Sorry, just saw your response. Just north of the intersection at the WJSP radio tower is the best place for Wolfden Loop and the falls.


----------



## Philup22 (Jul 19, 2015)

Thank you. I decided to sleep in so I'm going tonight!


----------



## Beaudeane (Jul 19, 2015)

Ride thru cohutta wma. Creeks, rivers, mountains, and trails. Hike to horseshoe bend & get some pics from the top looking down at the river. Plenty pretty spots all over those 96k acres.

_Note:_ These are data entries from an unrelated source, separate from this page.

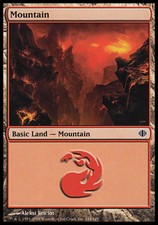 Mountain (244) - Foil ~ Near Mint Shards of Alara MTG Magic UltimateMTG Land Car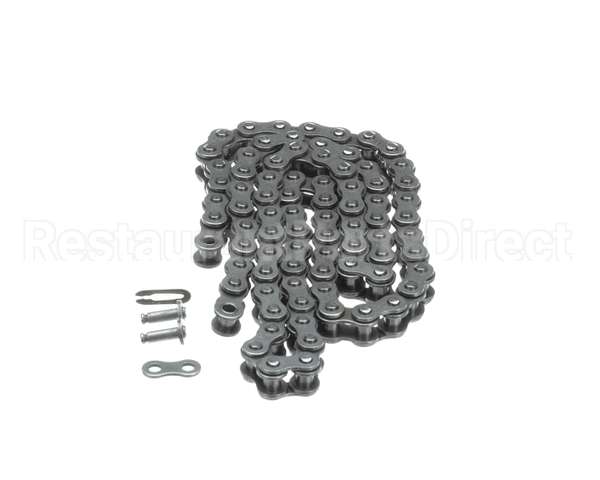 ME61-0058 Hot Rocks Oven Riveted Roller Chain #35 82 Link In Tota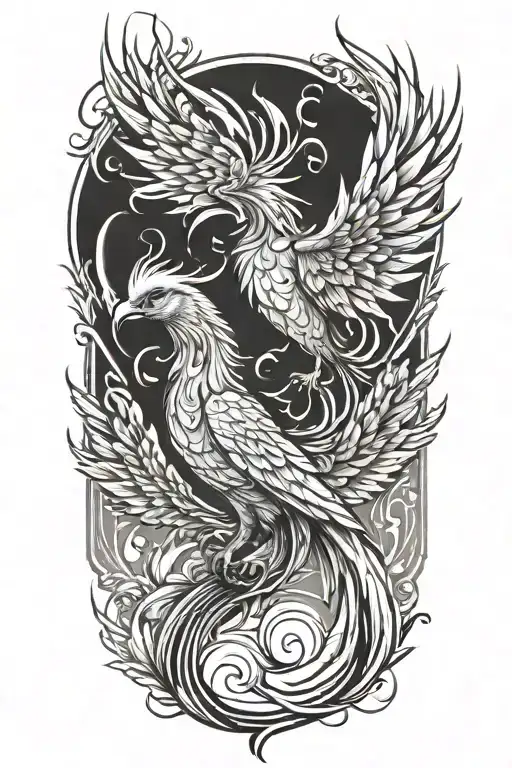 Phoenix Representing The Transgender Journey Of Transition From Male To Female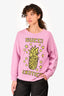 Gucci Pink/Yellow Pineapple Print Sweater Size S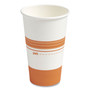 Perk Plastic Cold Cups, 16 oz, Clear, 50/Pack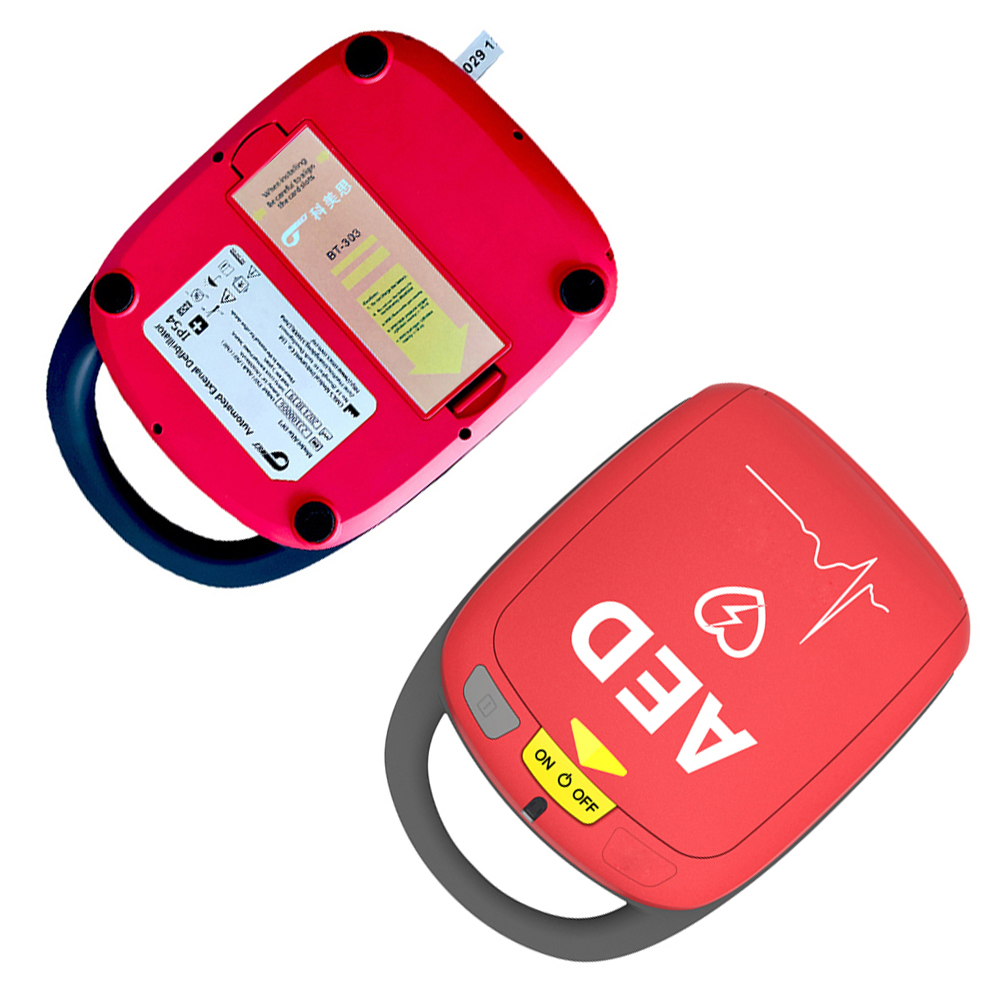 Automatic External Defibrillator (AED) with CE, ISO13485, FSC, Adult/Pediatric Compatible Pads, Bluetooth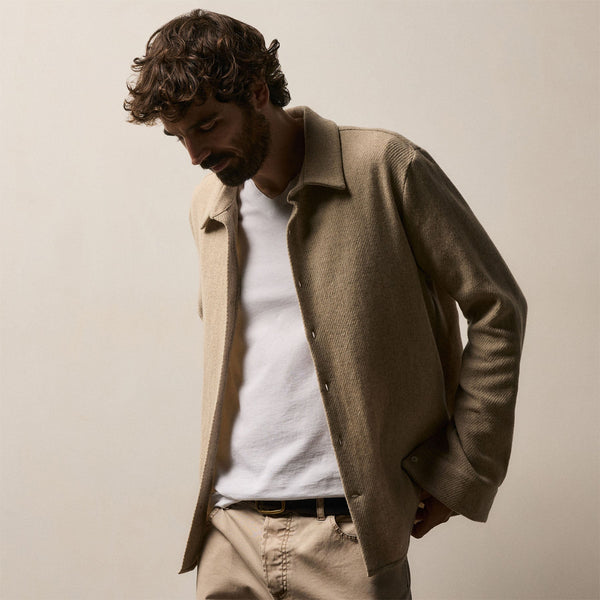 Short Sleeve V Neck in White | James Perse Los Angeles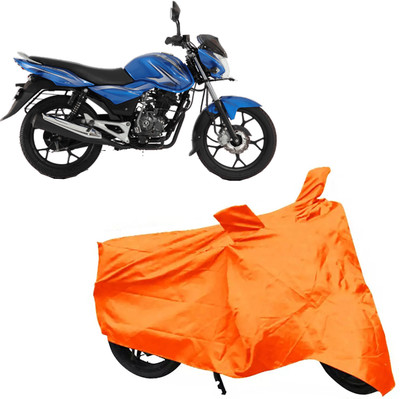 ROYAL AUTO MART Two Wheeler Cover for Bajaj(Discover 100 DTS-i, Orange)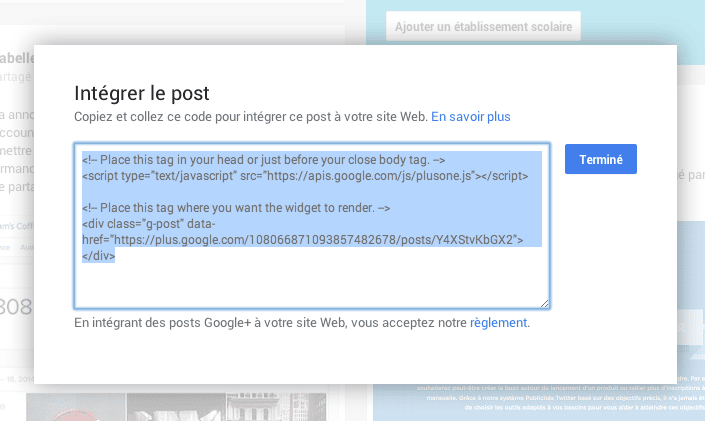 publication google plus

Plenty strait from the road too


----------



## rip18 (Jul 19, 2015)

Scenics take a lot more thought in the Deep South than they do in more open/mountainous country.  You've gotten some good suggestions.  There are some pretty neat rapids there in Columbus that can be "worked".  Some open ag fields, pastures & hay fields offer some "pastoral" scenes.  Good luck!


----------



## Philup22 (Jul 19, 2015)

DSGB said:


> Sorry, just saw your response. Just north of the intersection at the WJSP radio tower is the best place for Wolfden Loop and the falls.

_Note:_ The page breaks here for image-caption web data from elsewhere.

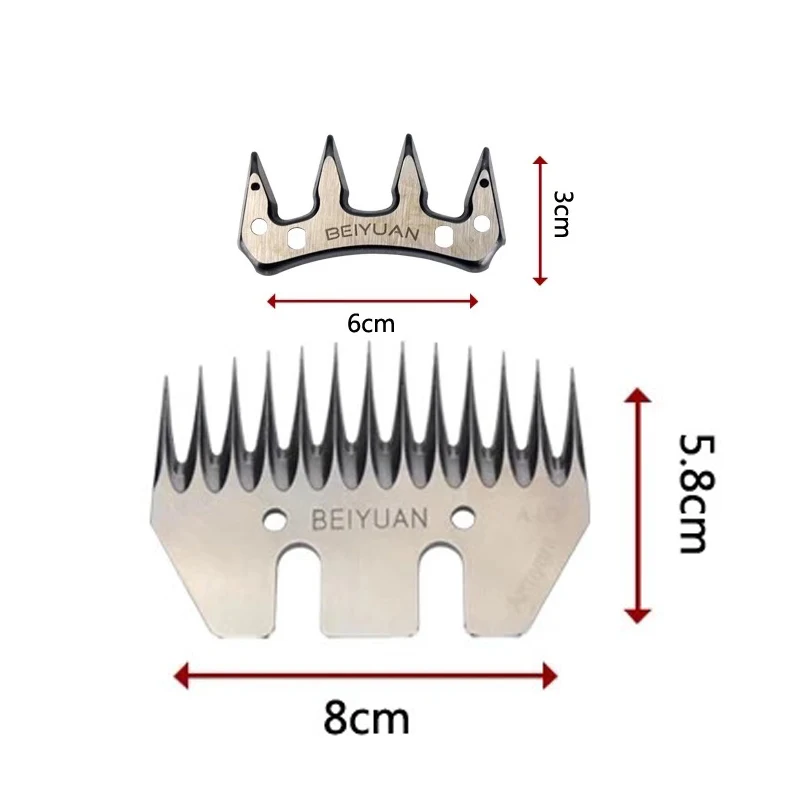 BEIYUAN Tesouras De Ovelhas e Cabras, Cortador Convexo De Pente, Cortador De Corte, 13 Lâmina De Dentes Para Ovelhas, Tesoura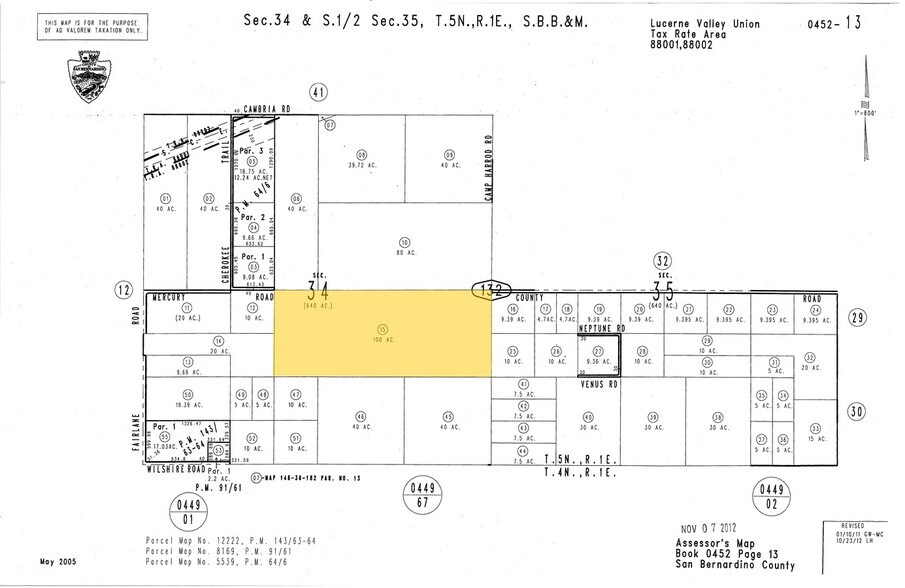 More Photos Of Sherman Way, Lucerne Valley Land For Sale
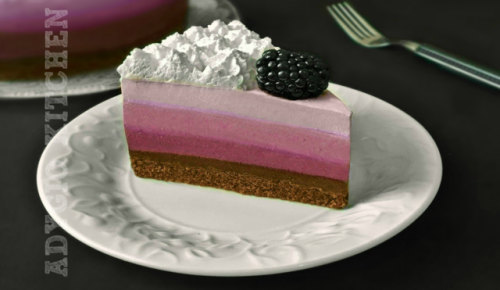 dovahkhitty: foodffs: No bake Ombre cake full recipe Follow for recipes Get your FoodFfs stuff here 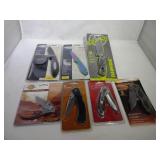 7 Pocket Knives Various Sizes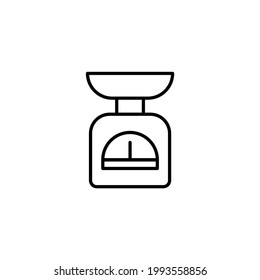 weight icon vector. scale icon vector. Weighing machine line icon. Scales icon vector. Weight scale sign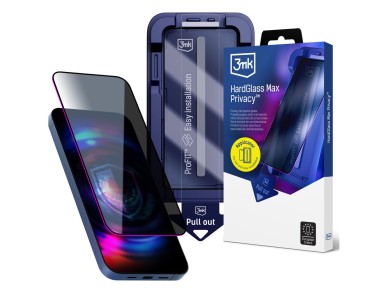 9H tempered glass with 3mk HardGlass Max Privacy filter for iPhone 16 Pro Max 9H tempered glass with 3mk HardGlass Max Privacy filter for iPhone 16 Pro Max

I hiked wolfden loop this evening and was not disappointed. Got some great shots. Hopefully I'll be able to feel my legs again within the next few days. I don't do a lot of hiking, though I think I'm going to start. if you want to see the shots I got here is my Flickr link. It won't let me upload them here because the files are too big.
https://m.flickr.com/#/photos/131370307@N05/


----------



## Philup22 (Jul 19, 2015)

Beaudeane said:


> Ride thru cohutta wma. Creeks, rivers, mountains, and trails. Hike to horseshoe bend & get some pics from the top looking down at the river. Plenty pretty spots all over those 96k acres. Plenty strait from the road too



Thanks! I've been trying to plan a trip to north Georgia so I'll give that a shot when I do go


----------



## Sea dawg1978 (Jul 20, 2015)

If you get a chance to get to the coast, sunsets are pretty spectacular over the marsh. Then there is driftwood beach at Jekyll and if you can gain access to a boat St. Catherines is nice as well.


----------



## DSGB (Jul 20, 2015)

Philup22 said:


> I hiked wolfden loop this evening and was not disappointed. Got some great shots. Hopefully I'll be able to feel my legs again within the next few days. I don't do a lot of hiking, though I think I'm going to start. if you want to see the shots I got here is my Flickr link. It won't let me upload them here because the files are too big.
> https://m.flickr.com/#/photos/131370307@N05/



Awesome! You got some great shots! The lack of rain lately has the creeks low. Good excuse to make another trip when they are flowing better. It's nice to be able to cool off in the water on a hot day.


----------



## Philup22 (Jul 20, 2015)

Sea dawg1978 said:


> If you get a chance to get to the coast, sunsets are pretty spectacular over the marsh. Then there is driftwood beach at Jekyll and if you can gain access to a boat St. Catherines is nice as well.


I start school in Statesboro next month. So I'll definitely be making a few day trips over there


----------



## Philup22 (Jul 20, 2015)

DSGB said:


> Awesome! You got some great shots! The lack of rain lately has the creeks low. Good excuse to make another trip when they are flowing better. It's nice to be able to cool off in the water on a hot day.



Thank you! I'll be sure to do that. Thanks for all your help!


----------



## TrueBlueEagle (Jul 21, 2015)

Nice pics, and Hail Southern!


----------